The Court was presented with a conflict of evidence in relation to a conversation which took place between the Complainant and the Respondent, a few weeks into his employment, concerning his request for more earnings. From the details supplied to the Court, it is clear that his net weekly pay increased from week four of his employment. In examining the weekly pay from the commencement of the cognisable period, it is evident that he was consistently paid a rate of €17.04 for 51½ hours each week, until his final week when he only worked three days that week. On that basis and as he did not raise this matter as a grievance with the Respondent until after his employment terminated, even though he received four payslips in June 2018, the Court must conclude that there was no agreement to pay him an hourly rate of €18.36. Furthermore, the increase in his net pay appears to comply with the Respondent’s assertion that his weekly hours of work were increased from week four onwards, by the requirement to work an extra hour on Fridays for which he was paid an increase in his weekly pay. On that basis, the Court finds that the Complainant was required to work one hour per week in excess of his normal working time.

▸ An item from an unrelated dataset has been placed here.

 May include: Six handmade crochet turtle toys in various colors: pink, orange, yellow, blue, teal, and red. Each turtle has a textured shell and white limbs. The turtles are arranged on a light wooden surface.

Having examined the provisions of the SEO for the Construction Sector, S.I. 455/2017, which came into effect on 1st October 2017, the Court notes that there is no provision contained therein for “normal working hours” and no provision for “overtime”. The statutory instrument has a clause on“Unsocial Hours Payments”, which provides as follows:-
- Monday to Friday Normal finishing time to midnight time plus a half
Saturday First four hours’ time plus a half; all subsequent hours till midnight double time
Sunday All hours worked double time
Public Holidays All hours worked double time plus an additional day’s pay
The Court notes that the current SEO for the Construction Sector, S.I. 234/2019, operative from 31st May 2019 contains a clause on“Normal Working Hours"and
"Overtime Payments”.
When considering this claim the Court must have regard to the relevant statutory provision applicable at the material time. As S.I. 455/2017 simply provided that an unsocial hour’s payment was applicable after normal finishing time, then the Court finds that the Complainant exceeded the normal working time by one hour per week during the cognisable period. Therefore, the Court finds that the total amount of wages properly payable to the Complainant was €885.56 per week, consequently there was a deficiency or non-payment of €8.52 per week which the Court is satisfied was a deduction under the Act by the Respondent.

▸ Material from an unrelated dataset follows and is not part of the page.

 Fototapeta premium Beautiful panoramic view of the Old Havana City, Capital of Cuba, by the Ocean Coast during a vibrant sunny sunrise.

On that basis, the Court directs the Respondent to pay the Complainant the sum of €161.88 by way of compensation for unpaid wages in the period from 6th August to 19th December 2018.
Determination
The Complainant’s appeal is allowed in part and the decision of the Adjudication Officer is set aside and substituted with this Determination.
The Court so Determines.
Signed on behalf of the Labour Court
Caroline Jenkinson
TH______________________
6 March 2020Deputy Chairman
NOTE
Enquiries concerning this Determination should be addressed to Therese Hickey, Court Secretary.